INFORMATION SUPPLIED:
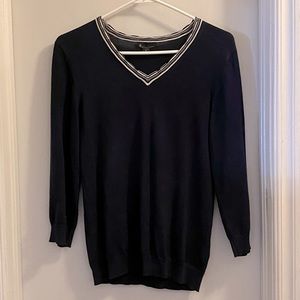 Brooks Brothers Silk Blend V-neck Sweater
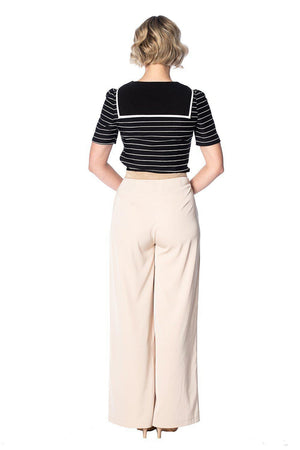 Pier Stripe Jersey Top-Banned-Dark Fashion Clothing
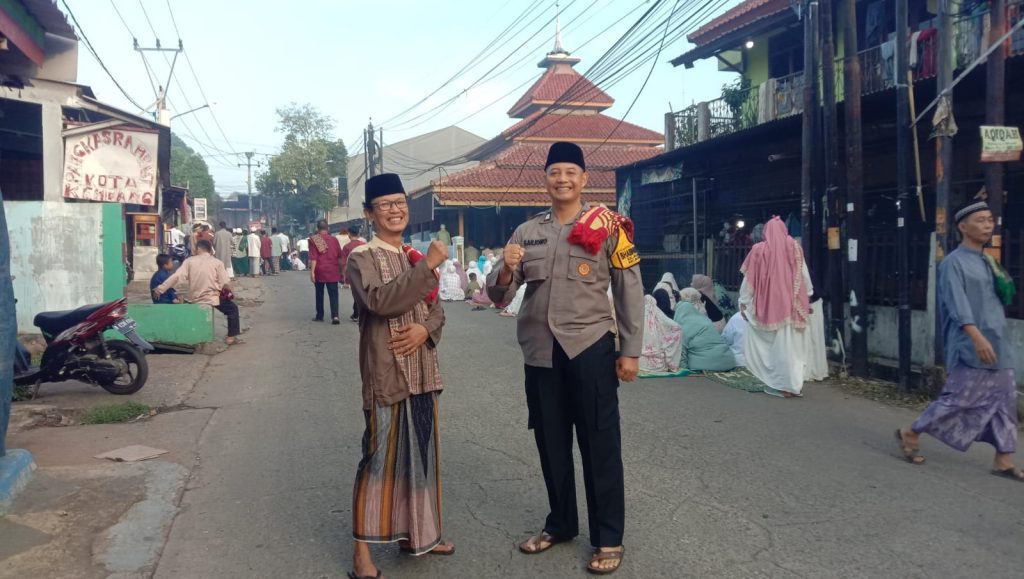 POLSEK BANTAR GEBANG AMANKAN PELAKSANAAN SHOLAT IDUL FITRI 1447 H DI WILAYAH HUKUM NYA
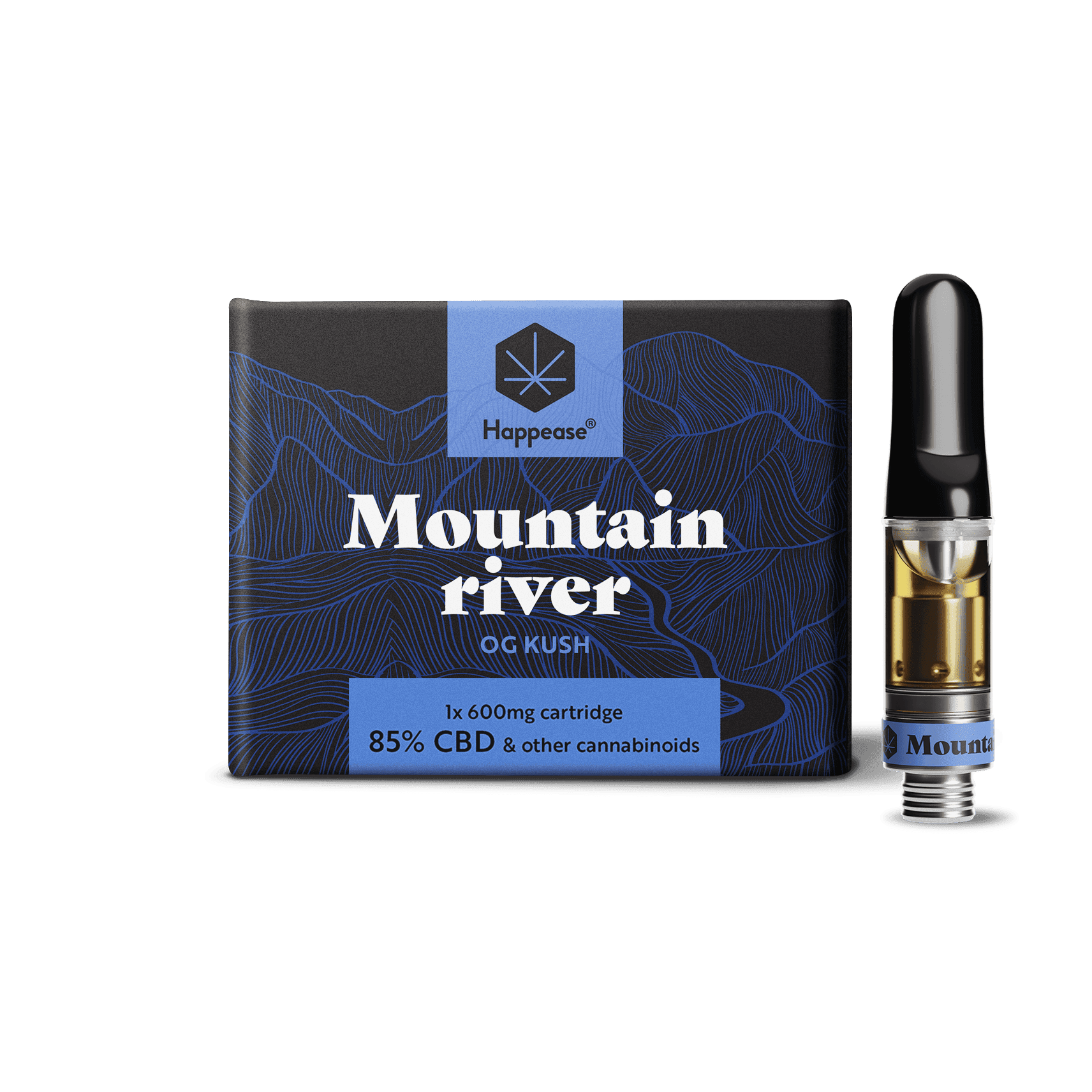 Happease Vape Refill — Mountain River (85% CBD)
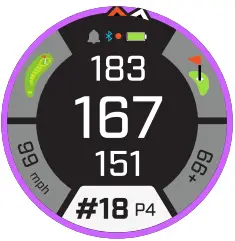 Bushnell Golf 362150 ION Elite GPS Rangefinder Watch - Blue Slope ring 2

WHAT TO WORK ON:
Extract, word for word, each line from the one that contains "Happease Vape Refill" through the final line of the data above. Leave the pictures out.

RESPONSE FOR THIS EXERCISE:
 Happease Vape Refill — Mountain River (85% CBD)
 Bushnell Golf 362150 ION Elite GPS Rangefinder Watch - Blue Slope ring 2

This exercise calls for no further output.